Блог
Иллюстрация “эффективности рынка”
…If someone got sick at your restaurant, it was over for the owner. Word would spread quickly and everyone would know. If you had a good story and a good reputation — being good in grade school and being known as honorable has its rewards — you might survive. The town, person by person, would make it’s call. That call wasn’t always correct, small town rumors, cliquishness and the like are known menaces, but for the most part the town took care of itself. So while it wasn’t always perfect — there are parts of the town I don’t miss at all — it managed well enough.
What I’m wondering is whether this can, at least in part, explain differences in attitudes toward regulation between more conservative rural areas and larger cities that are generally much more liberal. In a larger city, you are much more vulnerable to predatory type behavior, unfair treatment, much more likely to be dealing with strangers you have never seen before and will never see again.
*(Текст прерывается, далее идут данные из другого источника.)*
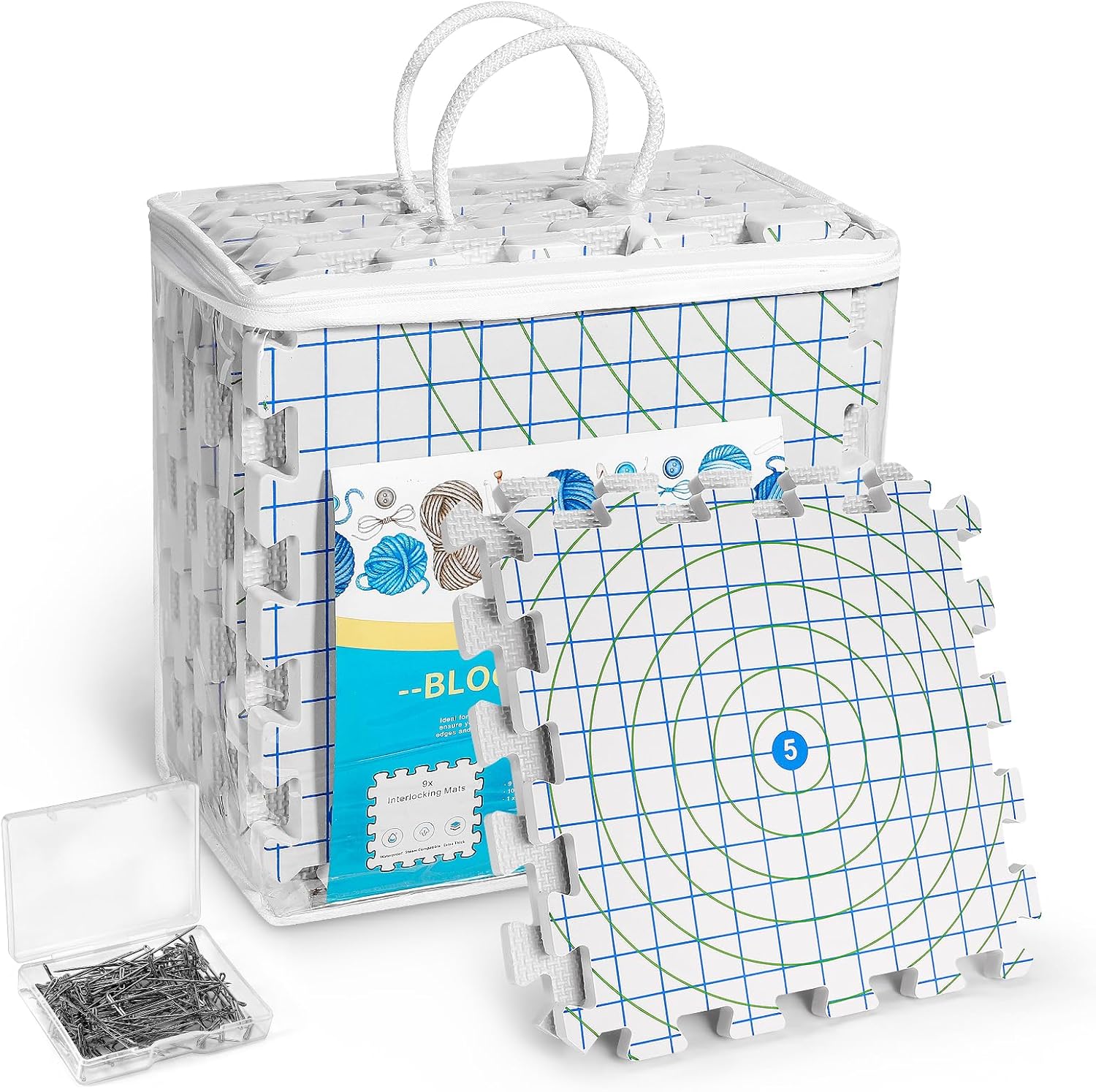 Yiitoll Blocking Mats for Knitting & Crochet, Extra Thick Knitting Blocking Mat with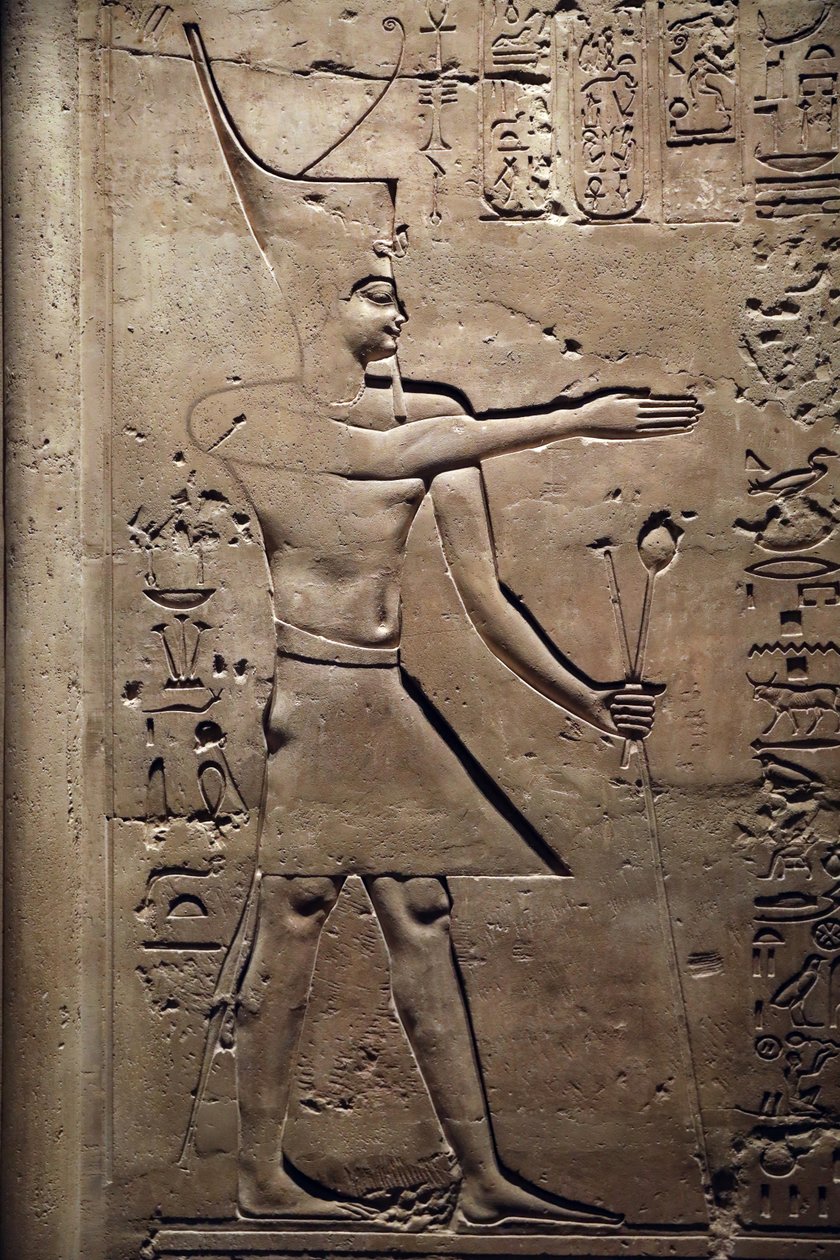Egypt, Medamud, dveře chrámu Montu, Detail, 221-205 př. od Unbekannter Künstler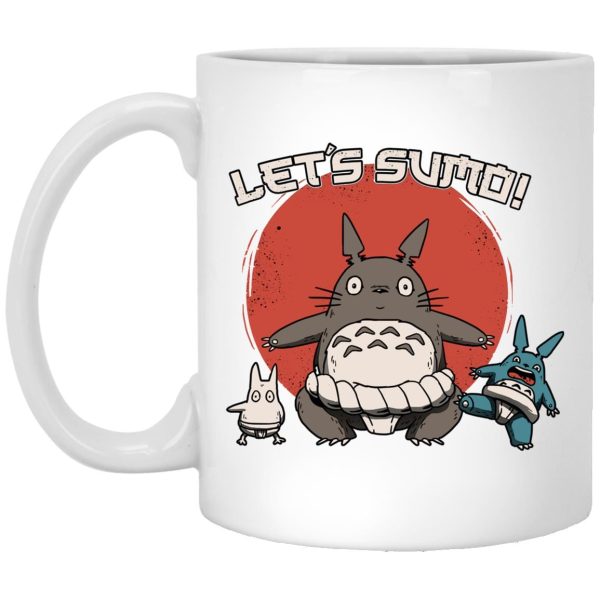 Watch Totoro - Totoro Let’s Sumo Mug-House Decor, Mug, My Neighbor Totoro, Watch Totoro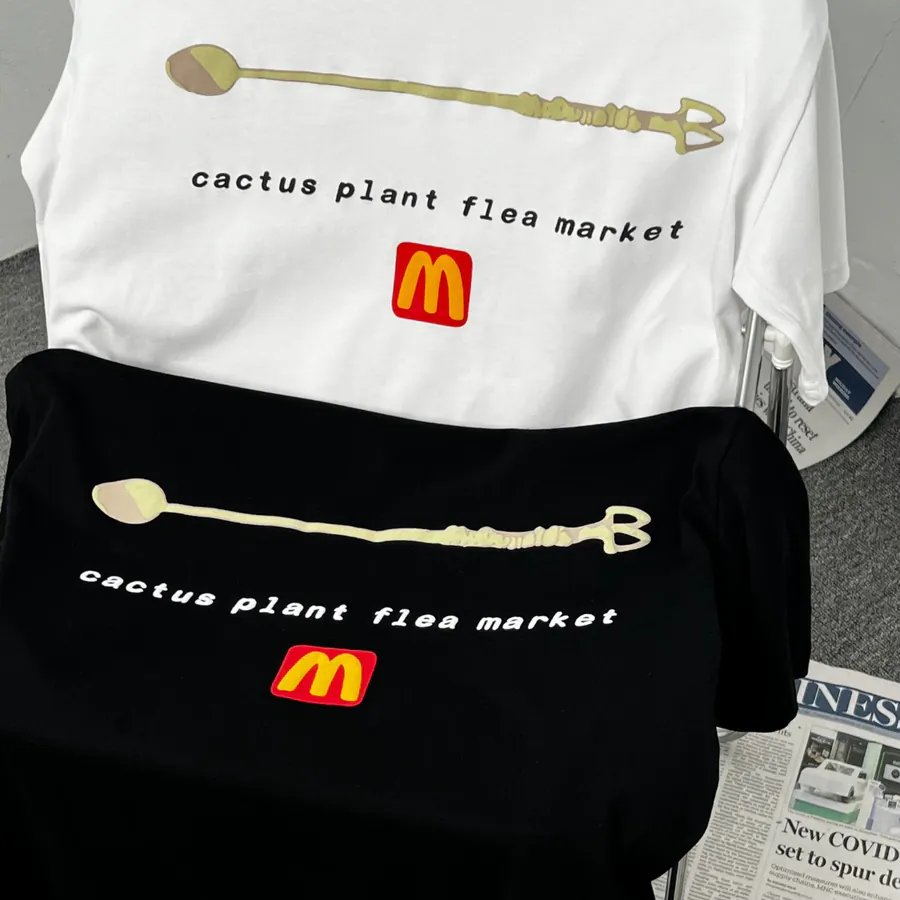 CPFM X McDonald's Collaboration Coffee Spoon Print Short Sleeve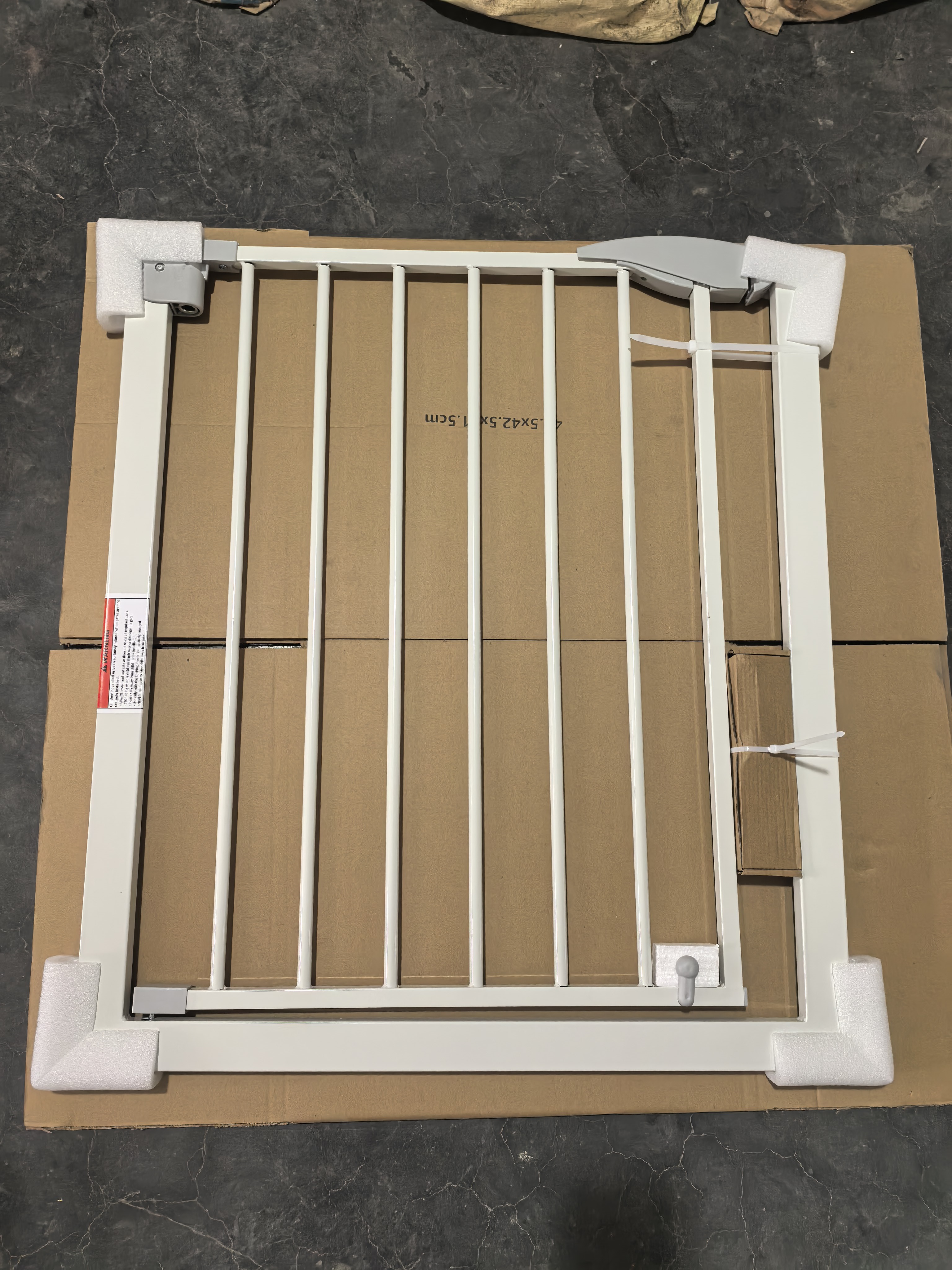2 Pack 29.5-44.1" Wide Baby Gate for Stairs, Dog Gate Indoor for Doorways, No Drilling Pressure Mounted Pet Gates for Kids, Easy Walk Through Safety Gate, White — image 21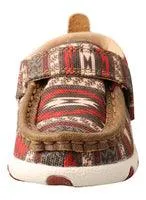 Twisted X Toddler Hooey Driving Moc Red Aztec IHYC001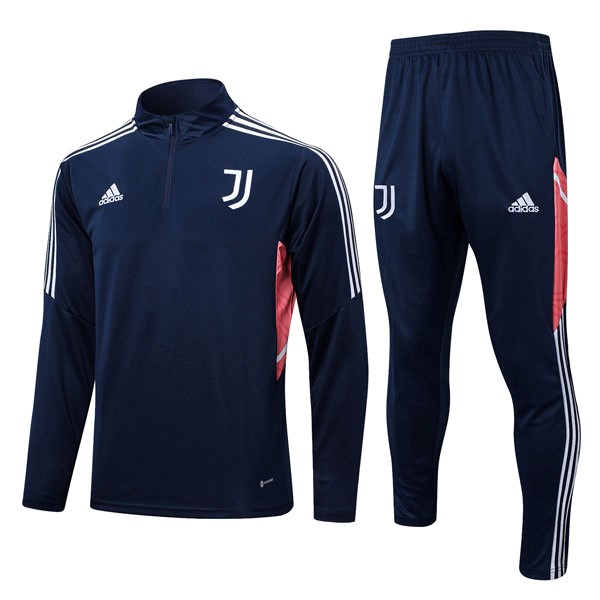 Sudadera De Training Juventus 2022-2023 Azul Rosa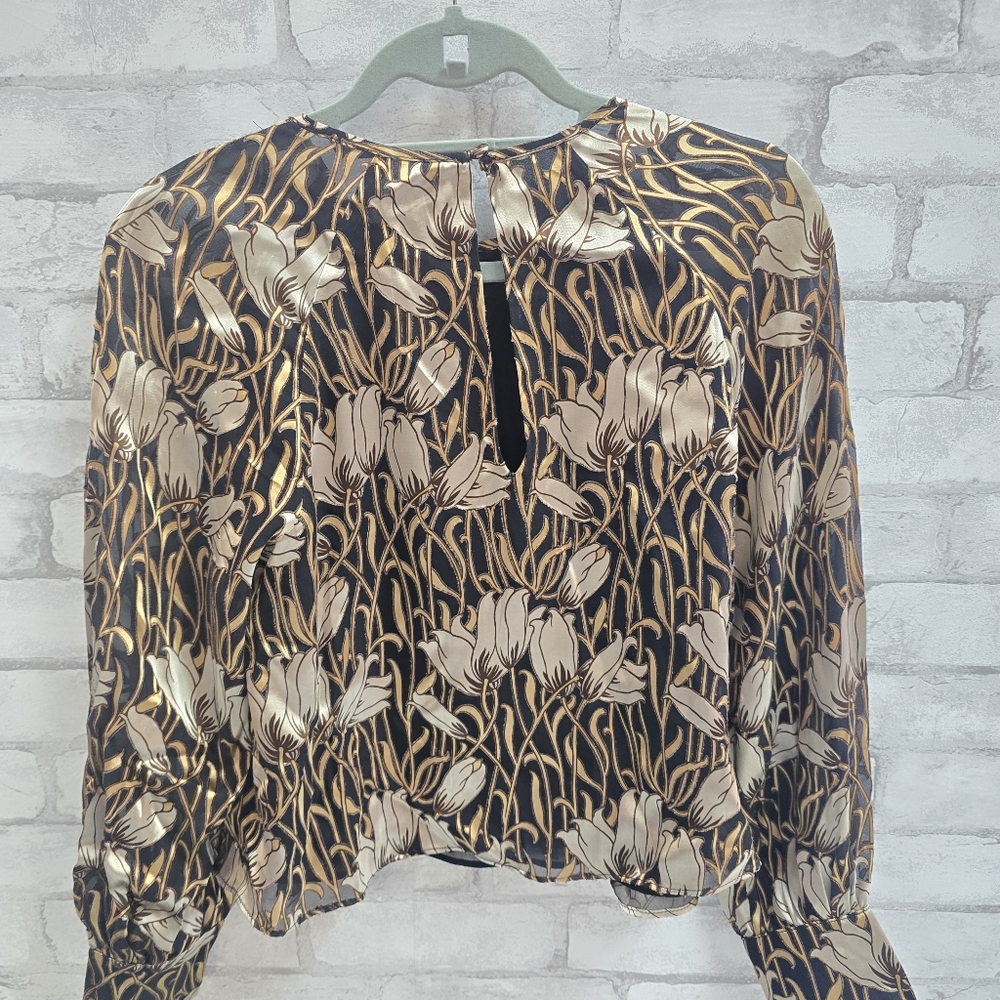 Banana Republic Metallic Blouse - Picture 7 of 11
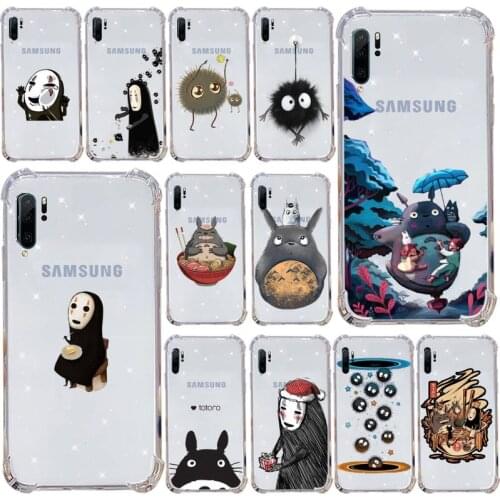 Cute Totoro Spirited Away Ghibli Anime Phone Case Transparent Clear For Samsung Galaxy A71 A21s S8 S9 S10 plus note 20 ultra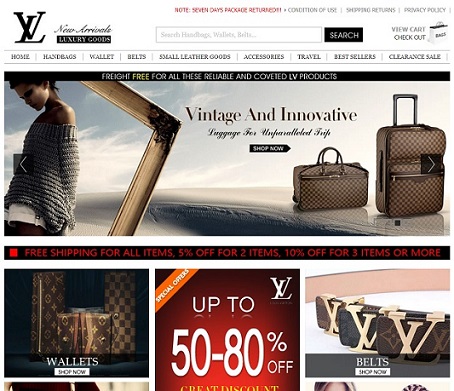 Www Lvehome Com Is Fraudulent Louis Vuitton Website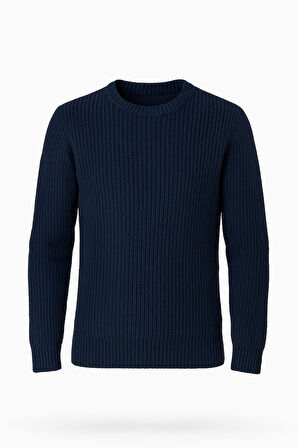 Huffa Slim Fit Bisiklet Yaka Uzun Kol Erkek Triko - 7429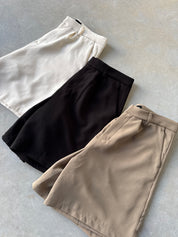 Pleated Shorts - Black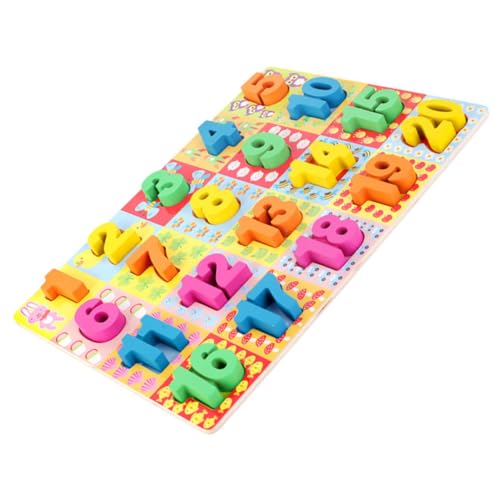 SOPOTUTU Holz Puzzle Zahlenmotiv Langlebige Bauklötze für Kognitive Lernhilfe zur Mengen Zahlenförderung Montessori Lernspielzeug für Kleinkinder SOPOTUTU Holz Puzzle Zahlenmotiv Langlebige Bauklötze für Kognitive Lernhilfe zur Mengen Zahlenförderung Montessori Lernspielzeug für Kleinkinder von SOPOTUTU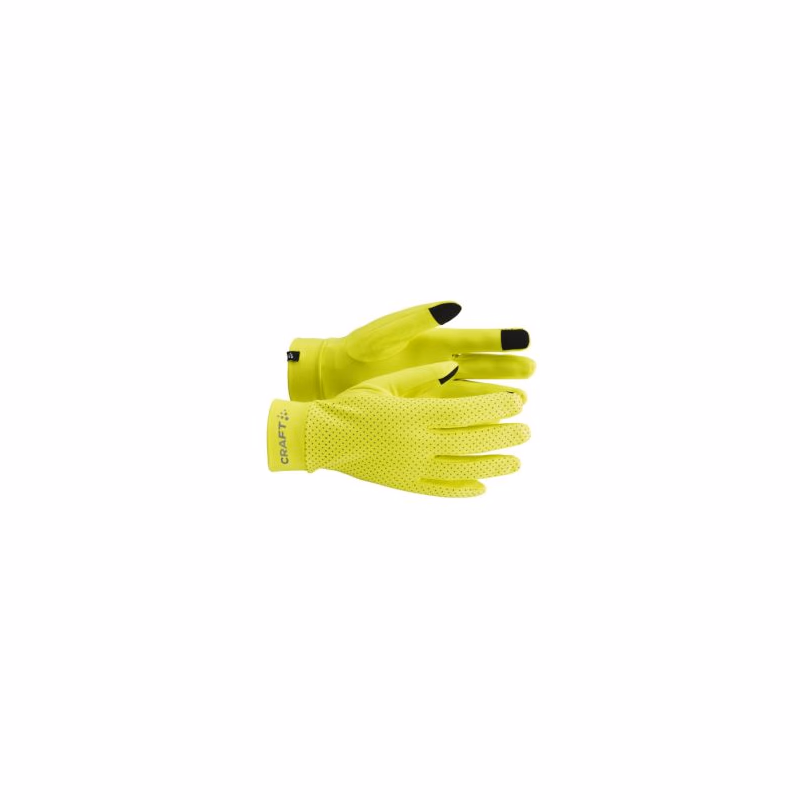 Bežecké rukavice CRAFT LUMEN FLEECE GLOVE 2-851000-Yellow
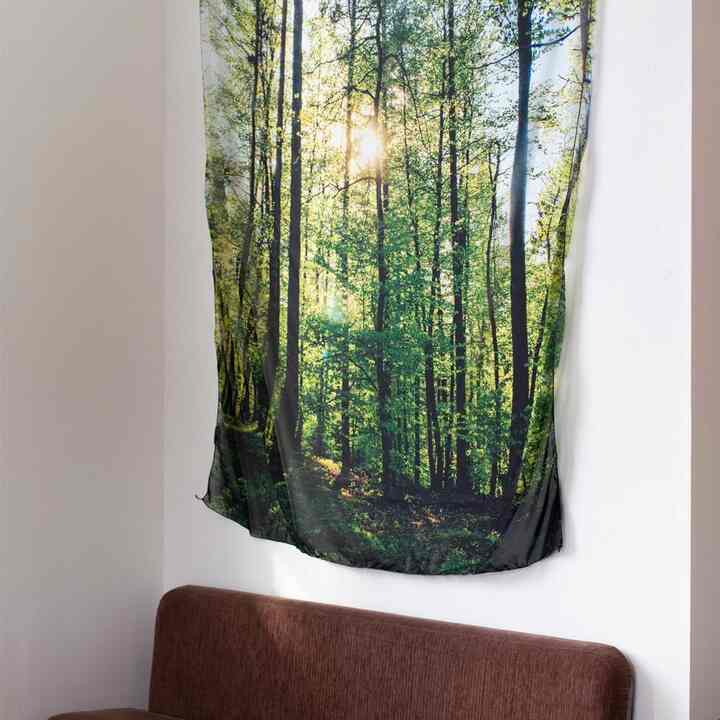 Forest シフォンカーテン ファブリックポスター［2サイズ］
That uncertainty, and the experience of being taken advantage of if you aren’t continuously on guard, and sometimes even if you are — maybe a contractor did a lousy job and refuses to fix the flaws or refund money — might lead you to declare "there ought to be a law!," or that "someone needs to stop this!" You would be much more inclined to think that regulation was needed.
Марк Тома
Конкуренция с полным доступом к информации (возможность сравнить дантистов в маленьком городе) – абсолютно эффективна, следовательно рынок работает.
В большом городе дантиста найти труднее, так как нет объективной информации о качестве услуг и конкуренция уже не эффективно регулирует рынок, он работает плохо.
Поэтому идеи для малого города, в большом (современном глобальном мире) не работают.